▸ **Work to complete**:
If pictures appear in the lines below, skip them and copy exactly the lines from the one containing "Clé a pipe débouché 21mm Facom série 75" through the one containing "Outillage,Facom, clé plate, clé", and nothing else.

▸ **Record set**:
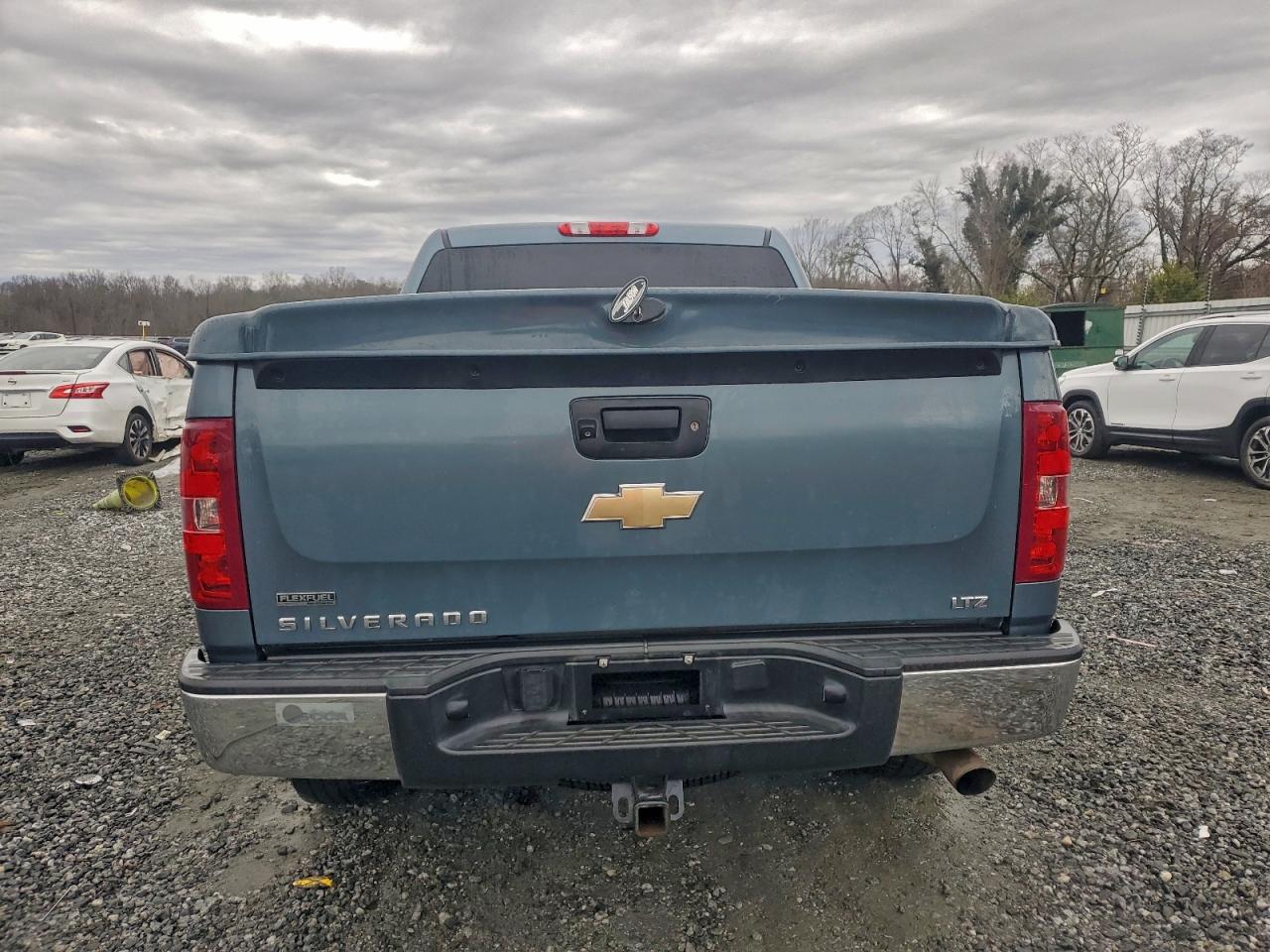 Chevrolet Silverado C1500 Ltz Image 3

--

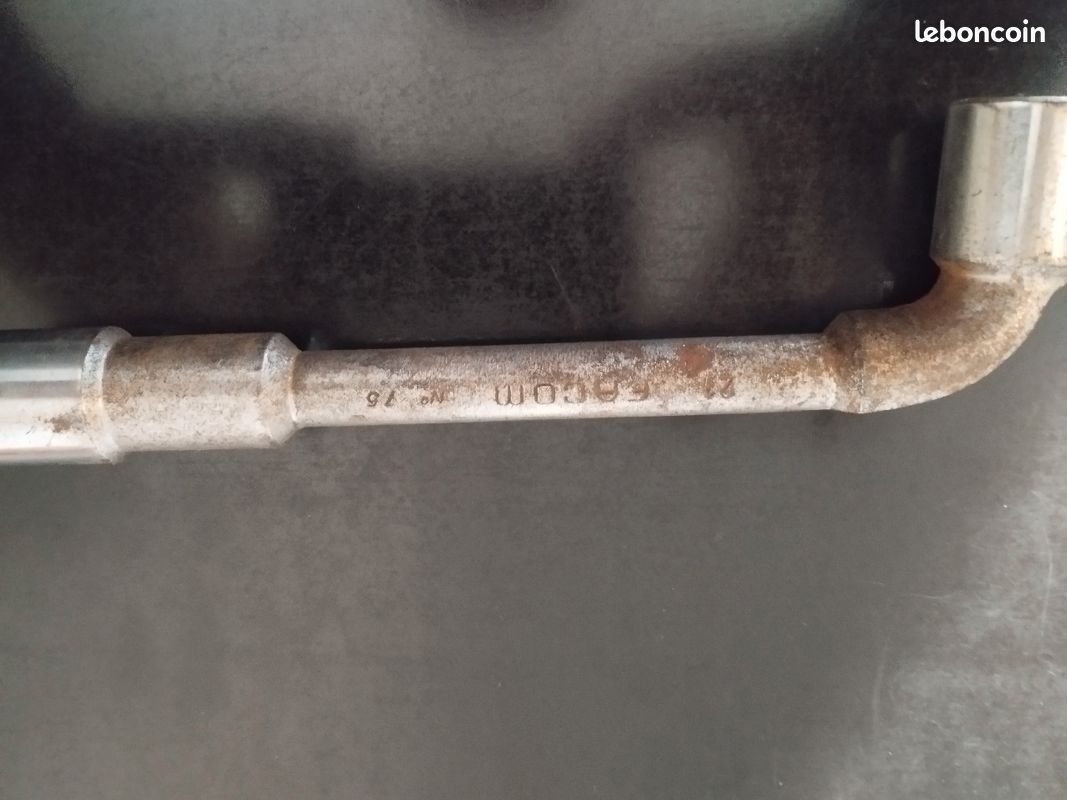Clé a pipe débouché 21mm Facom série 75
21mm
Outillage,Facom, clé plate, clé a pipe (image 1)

▸ **Solved problem**:
Clé a pipe débouché 21mm Facom série 75
21mm
Outillage,Facom, clé plate, clé a pipe (image 1)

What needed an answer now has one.